We are in the middle of a great cultural arms race between advertisers with tons of money and state of the art technology and the common man's ability to ignore the ads those advertisers create. You've seen hundreds of ads today -- how many did you actually remember?
Don't think for one second that ad executives are giving up. It's all about using futuristic technology to make their ads more and more invasive. That's how we've wound up with ...
#5. Ads That Whisper in Your Ear
Startled, you turn around to realize that nobody is about to violate your personal space. In fact, there's no one close enough to be able to deliver a whisper. You see somebody walking down the sidewalk and shout, "Did you hear that?" to which they answer, "Hear what?"
Just as you decide that the last of your sanity has finally snapped and that you should probably talk to somebody about meds, your eyes are drawn to the billboard we mentioned earlier ... which reads:
98 percent of Americans don't yet realize advertisers have the balls to go there.
The good news is that the voice in your ear was no ghost, nor an auditory hallucination. It's just a device sitting seven stories up, utilizing a technique called sound from ultrasound, which basically enables it to shoot sound over distances to project it as a ghost voice right into your ear.

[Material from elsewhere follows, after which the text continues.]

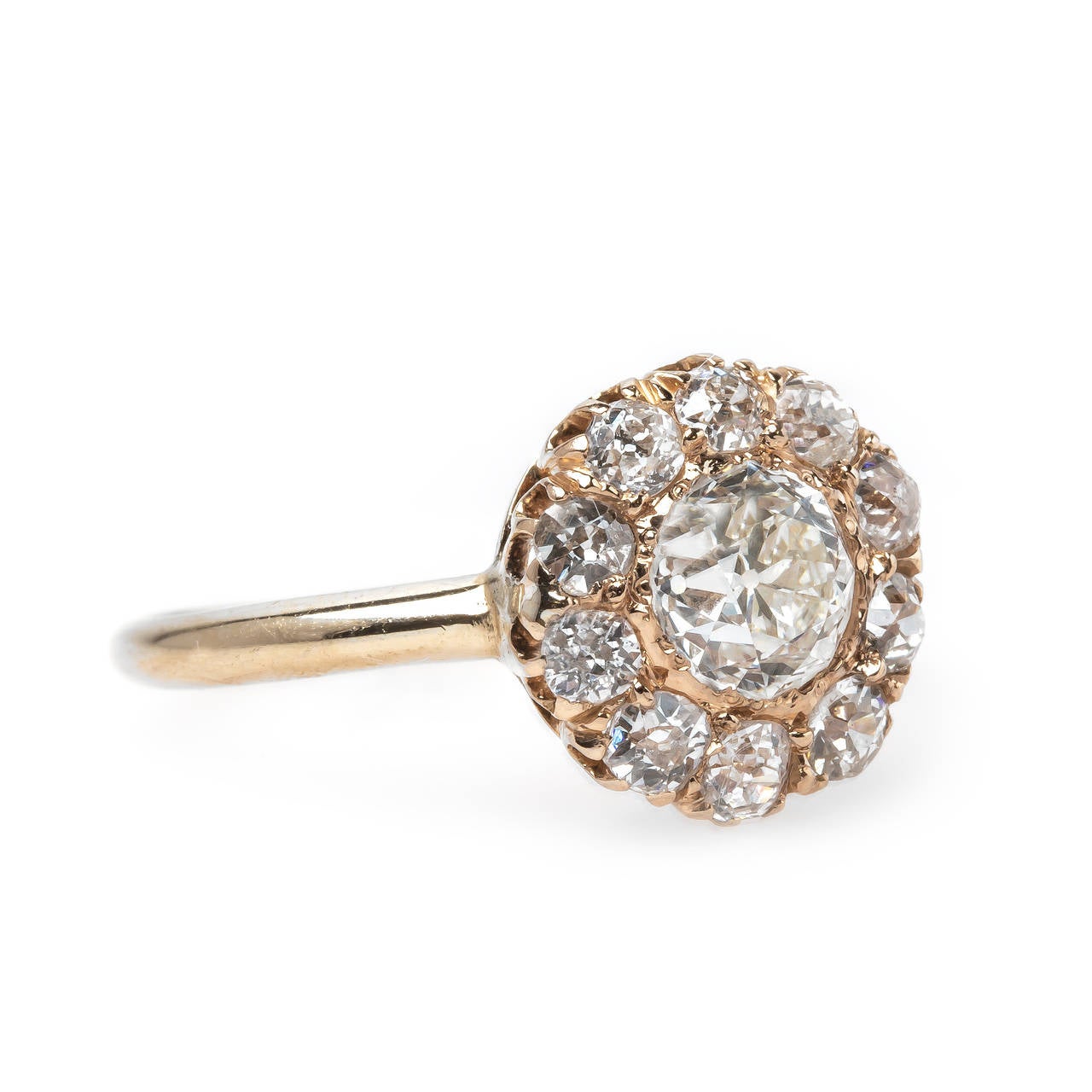 Beacon is a fabulous authentic Victorian era (circa 1890) 14k rose gold ring centering a sparkling 0.73ct EGL certified Old European Cut diamond graded G color and VS1 clarity. This high quality diamond is brilliantly framed by a halo of ten Old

A company called Holosonics has developed a device called the Audio Spotlight as a tool that allows them to direct commercial audio to a specific spot without anyone else in the area being disturbed. And when we say "developed," we mean "applied a hazardous military-grade technology." The Audio Spotlight is basically a LRAD (long-range acoustic device), which is used in the field to, we quote, "send messages, warnings and harmful, pain-inducing tones over longer distances than normal loudspeakers." It's kind of a ... sound laser? We guess?
If that pain-inducing part didn't ring your alarm bells, it is worth noting that the LRAD is basically a crowd control weapon. In the hands of the notoriously responsible and well-adjusted marketing people.
So while we're kind of grateful they're only going for whispers and harmless sound projection at the moment, we're also kind of worried what happens when the company lands its first deal on promoting, say, painkillers or adult diapers.